De nombreux albums à succès portent la voix d'Harry Diboula au sommet de la gloire. Les plus importants portent les noms suivants : Pou'w (1989) ; Classe affaire (1993), le fil conducteur de notre sujet, est suivi par : Tort ou raison (1998) ; Je refuse (2001) ; Dis-moi pourquoi? (2004) ; Entre vous et moi (2009)…
Diboula restera pendant longtemps un maître dans l'art de célébrer les émotions dans un ton calme, serein et serieux. En bon capitaine, il nous fait voyager dans un univers de mélodie capable de cadrer chaque moment dans une relation, malgré les temps forts, l'orage et la pluie, depuis le départ, pendant tout le voyage, avec ou sans escale, jusqu'à l'atterrissage final.
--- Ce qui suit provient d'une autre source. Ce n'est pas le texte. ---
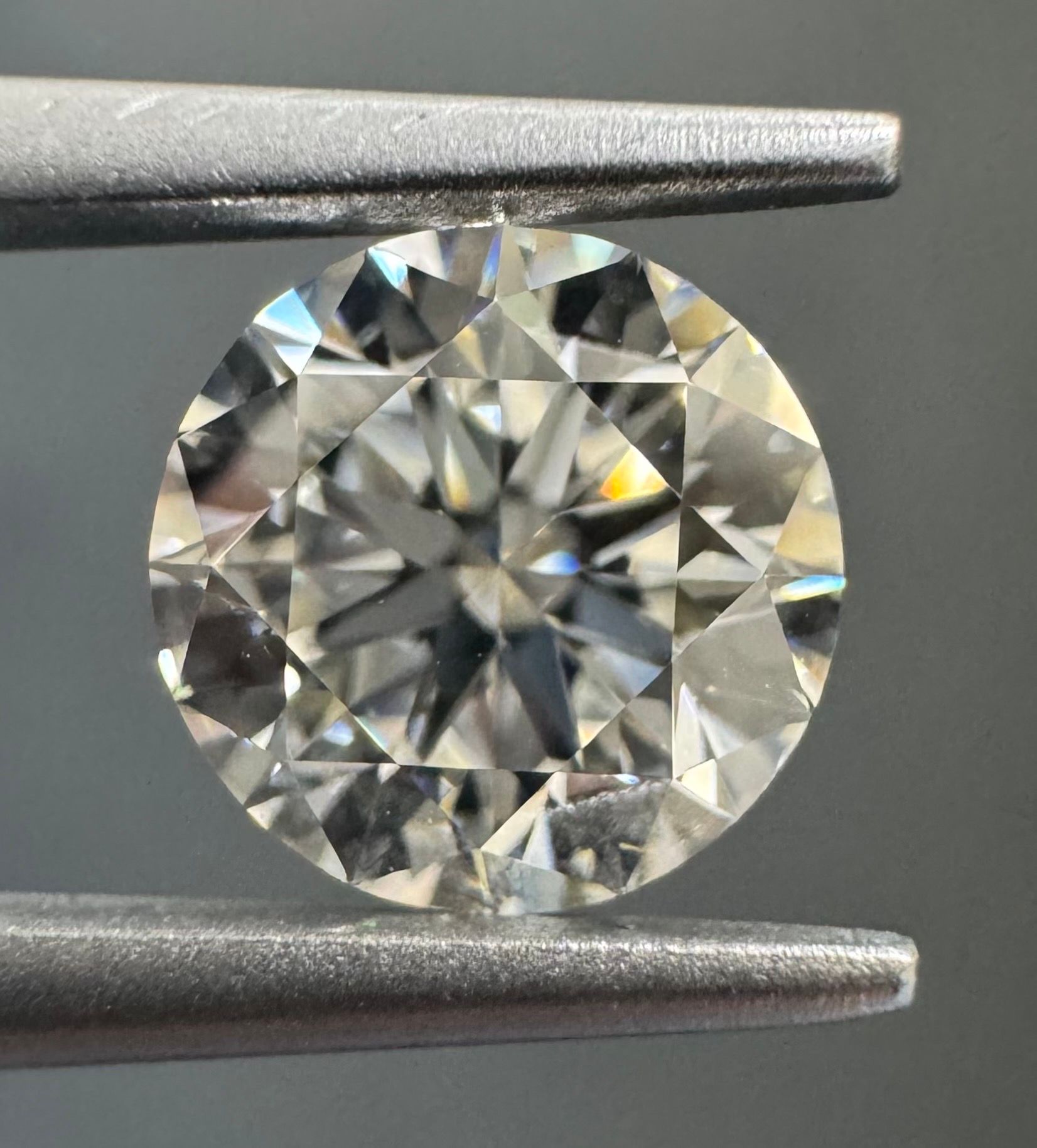 1 Carat Round Diamond G VS1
Dans sa biographie on peut lire : Harry Diboula est né le 12 octobre 1962, à Paris 18e. Il est auteur, compositeur, interprète du Zouk. Parallèlement, il pratique le piano, le chant, les arrangements et la programmation musicale, en dehors de sa participation dans le cinéma, et de son métier de consultant.
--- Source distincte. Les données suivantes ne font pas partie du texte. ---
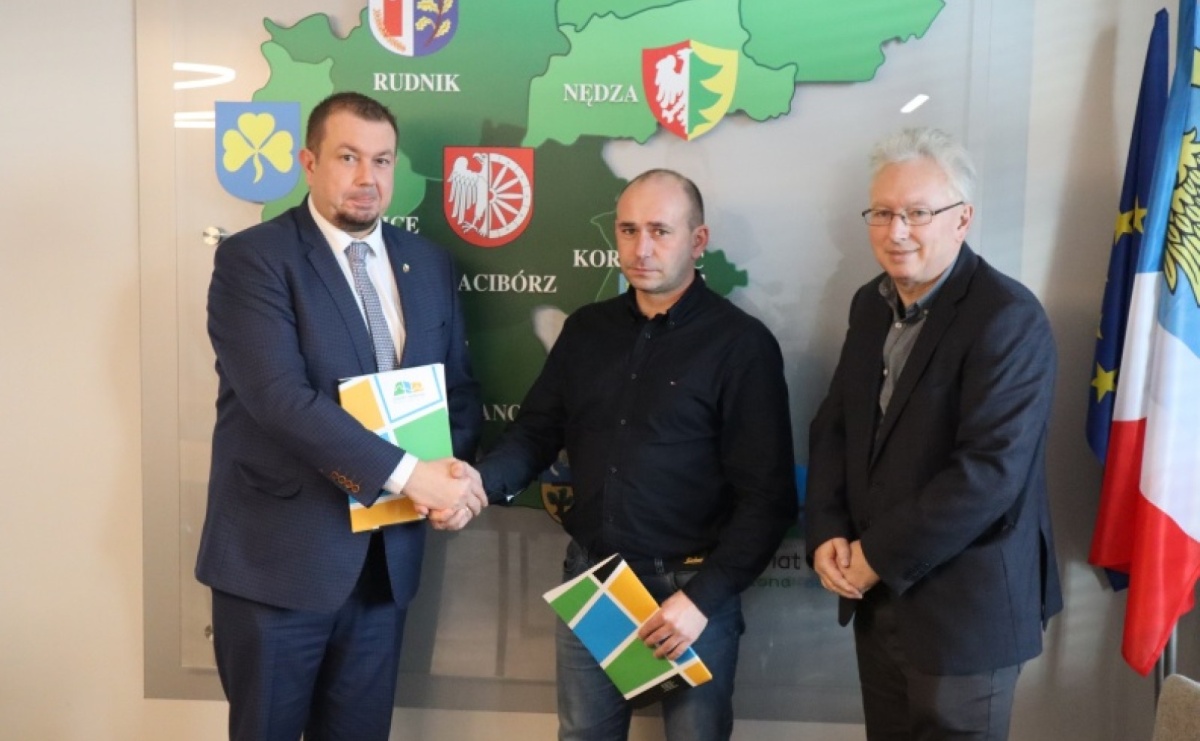 Podpisano umowę na kolejny etap scalania gruntów. Tym razem w sołectwie Roszków Gmina Krzyżanowice - Serwis informacyjny z Raciborza - naszraciborz.pl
Dans sa carrière, il a collaboré avec plusieurs grands noms de la musique antillaise, comme Tania Saint-Val, Edith Lefel dans son dernier opus, Jacques d'Arbaud, ou Paulo Albin. Harry Diboula dispose également de plusieurs trophées dans sa collection, entre l'Europe et l'Afrique.
Durant les années 90 et au cours de la première décennie des années 2000, sa musique a été très revisitée dans les médias en Haïti, pendant les belles années de Radio Super Stars et de radio Tropic FM, notamment dans la jungle musicale avec Master Dji. Et sans oublier des belles saisons de journées récréatives dans les écoles privées, publiques et universités dans la capitale haïtienne.
Des jeunes et des amoureux issus de cette génération (saine), ne pouvaient pas s'en passer de cette voix parmi d'autres talents de l'époque. Il était donc impossible de parler d'amour ou de faire la cour, sans faire recours, aux notes musicales et aux refrains comme "Tu me manques, ou ka mantche mwen", "Deux minutes", "Je refuse", ou "Pas rete lwen lontan, ekri mwen tanzantan", ou pour justifier l'absence et la distance, la souffrance ou le silence d'un bonheur sérré et des souvenirs dans "Classe affaire".